金融庁が、暗号資産(仮想通貨)に関する規制を見直す方針であることがわかった。先月30日、ブルームバーグが匿名の関係者の話として報じた。
暗号資産を現状の資金決済法の枠組みで規制することが適切であるかについて、今後数ヵ月にわたって議論する。
現状、暗号資産を巡っては投資目的で取引を行う人が多い。
こうした状況を踏まえ、現行の規制下では投資家保護が不十分であると判断された場合には、金商法(金融商品取引法)の対象とすることも視野に議論を行うことになるという。
金商法の対象となった場合、暗号資産が金融資産としてみなされる可能性が高まるため、税制改正を巡る議論もより加速していくことが期待される。

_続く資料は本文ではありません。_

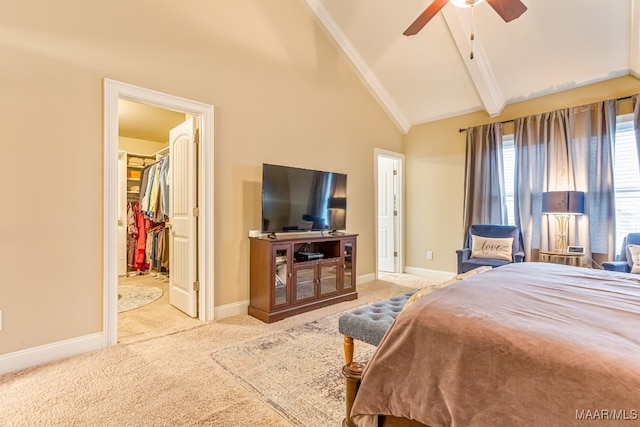 carpeted bedroom with a closet, beamed ceiling, high vaulted ceiling, a spacious closet, and ceiling fan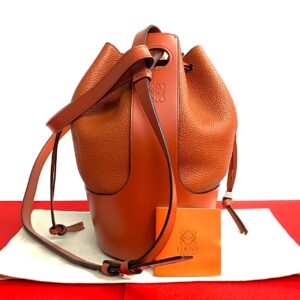 500a243415021 1 Louis Vuitton Monogram Rivoli Handbag Brown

また、米国におけるビットコイン現物ETFを筆頭に、日本における暗号資産ETFの実現に向けた議論が活性化する可能性もある。
なお、金融庁の関係者は暗号資産を金商法の対象とした場合の影響についてはコメントを控えたようだ。暗号資産関連規制の見直しは冬まで続くという。
業界の悲願である税制改正
暗号資産業界にとって、税制改正は長年の悲願ともいえる。
暗号資産の税制改正を巡っては、これまで業界団体を中心に政府等への提言が行われてきた。その成果もあり、企業などに対する暗号資産関連税制は2年連続で改正されている。
暗号資産税制では、特に個人の取引収益に対する改正が望まれている。
現状、暗号資産取引によって生じた利益は雑所得として扱われ、最高税率は住民税とあわせて55%が適用される。
こうした税金を巡る負担が日本における暗号資産の普及を妨げているとし、業界の内外から株式投資と同様の20%の申告分離課税を導入するよう要望がなされてきた。
金商法の対象となることが暗号資産税制の改正に向けた近道になるとは限らないものの、議論を加速させる起因となる可能性は秘めている。